Institutions: Drexel University College of Medicine.
Traumatic injury to the spinal cord (SCI) causes death of neurons, disruption of motor and sensory nerve fiber (axon) pathways and disruption of communication with the brain. One of the goals of our research is to promote axon regeneration to restore connectivity across the lesion site. To accomplish this we developed a peripheral nerve (PN) grafting technique where segments of sciatic nerve are either placed directly between the damaged ends of the spinal cord or are used to form a bridge across the lesion. There are several advantages to this approach compared to transplantation of other neural tissues; regenerating axons can be directed towards a specific target area, the number and source of regenerating axons is easily determined by tracing techniques, the graft can be used for electrophysiological experiments to measure functional recovery associated with axons in the graft, and it is possible to use an autologous nerve to reduce the possibility of graft rejection.

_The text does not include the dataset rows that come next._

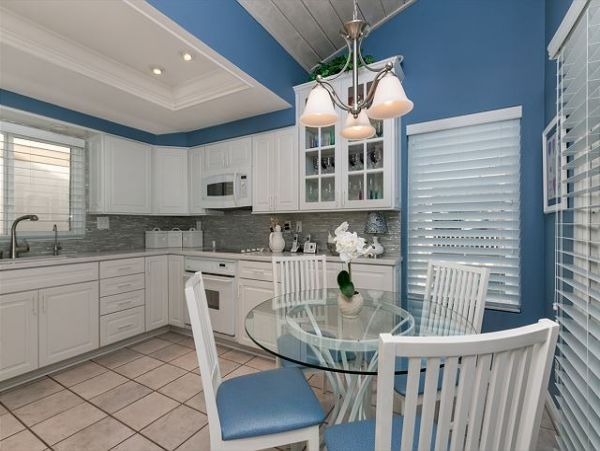 San Diego Beach Communities North Home 998350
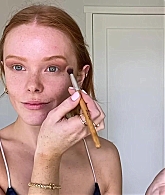 Abigail_EffortlessRedLipGuideRedHairedBeauty_Vogue21_0973.jpg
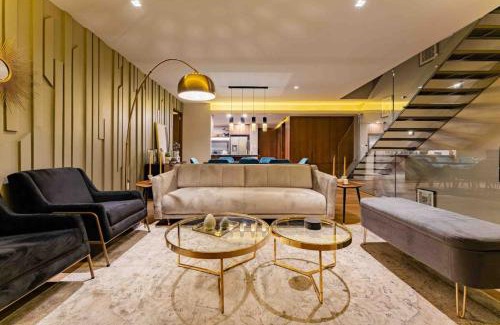 Polanco House | Stylish 3-Level Penthouse with Private Rooftop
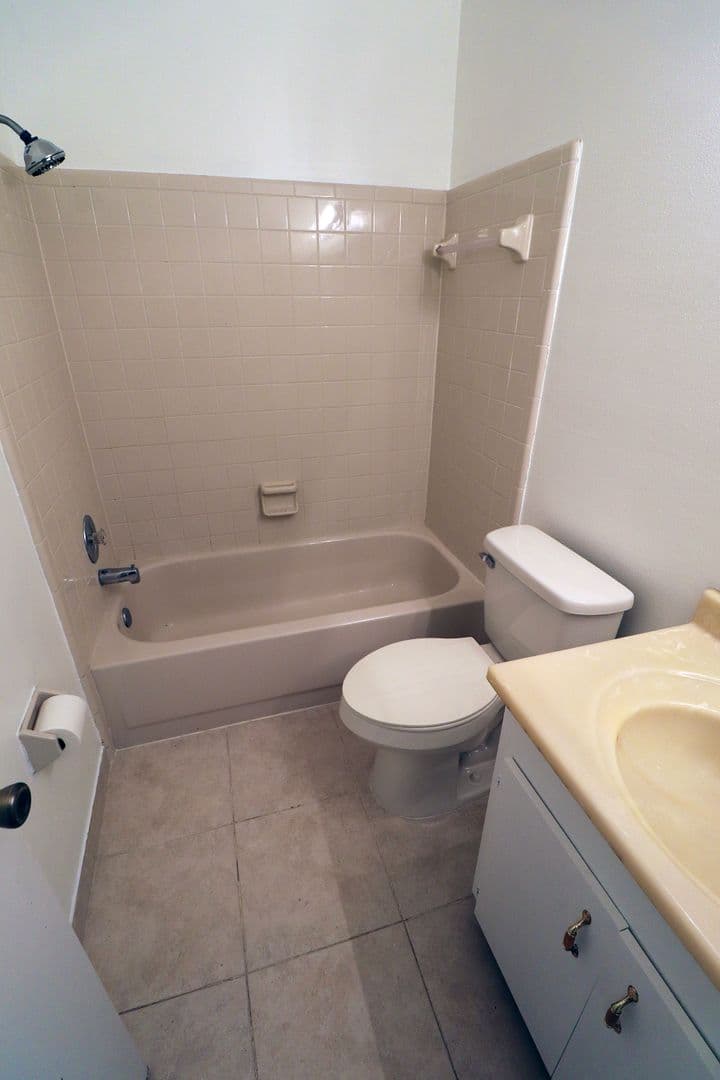 Orlando Condo: 4838 S. Semoran Blvd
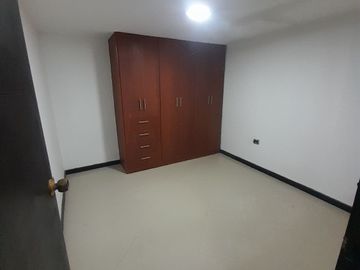 CASA EN VENTA DE 3 NIVELES  BARRIO BRITALIA KENNEDY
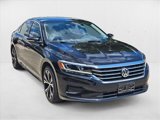 Used 2022 Volkswagen Passat 2.0T SE image 3
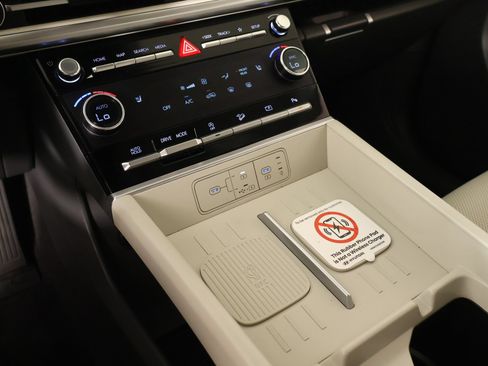 Certified 2025 Hyundai Santa Fe SEL FWD image 8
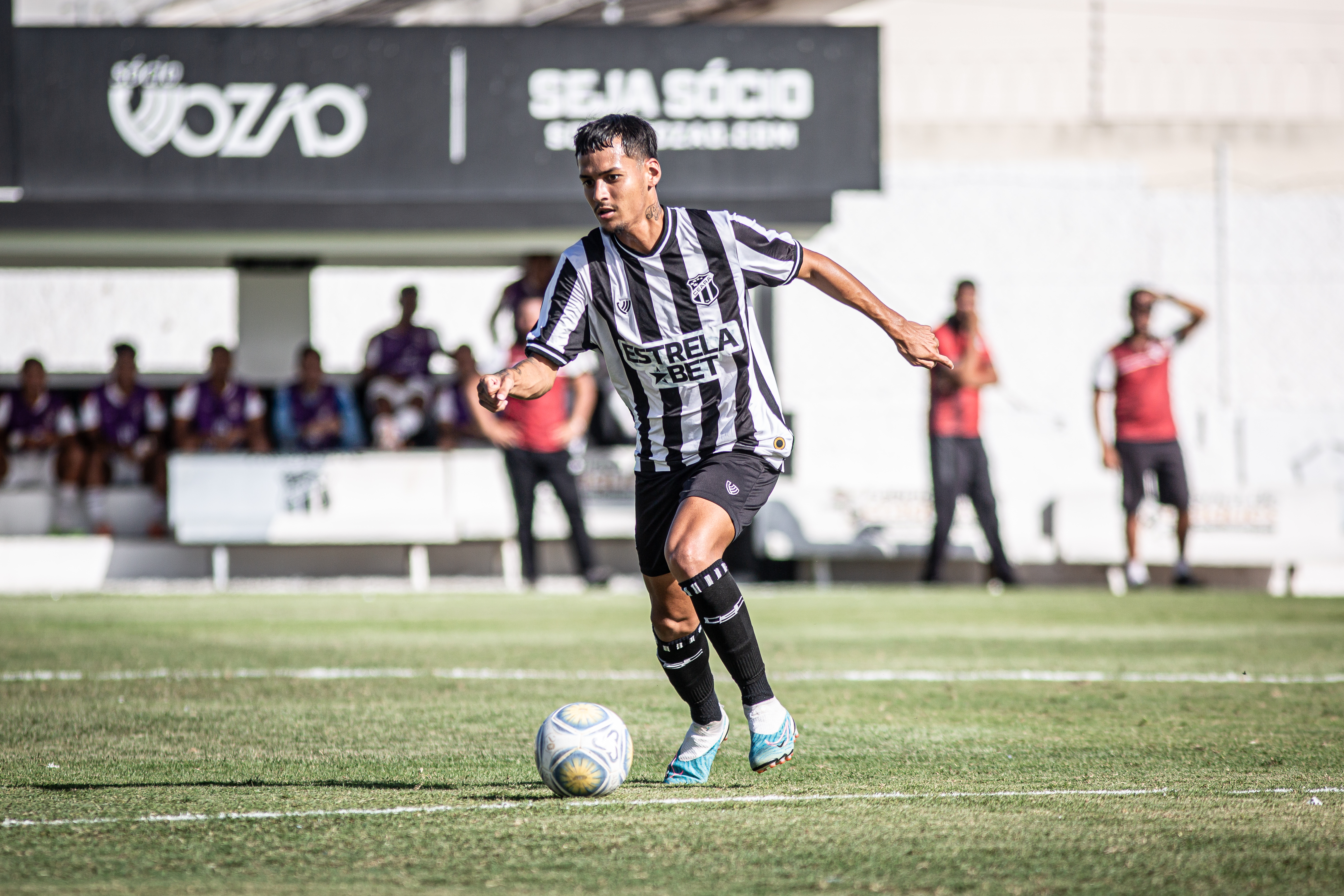 Confira a trajetória do lateral Kauâ Lucas, atleta do Sub-20, que representará o Alvinegro na Copinha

In our lab we have performed both autologous (donor and recipient are the same animal) and heterologous (donor and recipient are different animals) grafts with comparable results. This approach has been used successfully in both acute and chronic injury situations. Regenerated axons that reach the distal end of the PN graft often fail to extend back into the spinal cord, so we use microinjections of chondroitinase to degrade inhibitory molecules associated with the scar tissue surrounding the area of SCI. At the same time we have found that providing exogenous growth and trophic molecules encourages longer distance axonal regrowth into the spinal cord. Several months after transplantation we perform a variety of anatomical, behavioral and electrophysiological tests to evaluate the recovery of function in our spinal cord injured animals. This experimental approach has been used successfully in several spinal cord injury models, at different levels of injury and in different species (mouse, rat and cat). Importantly, the peripheral nerve grafting approach is effective in promoting regeneration by acute and chronically injured neurons.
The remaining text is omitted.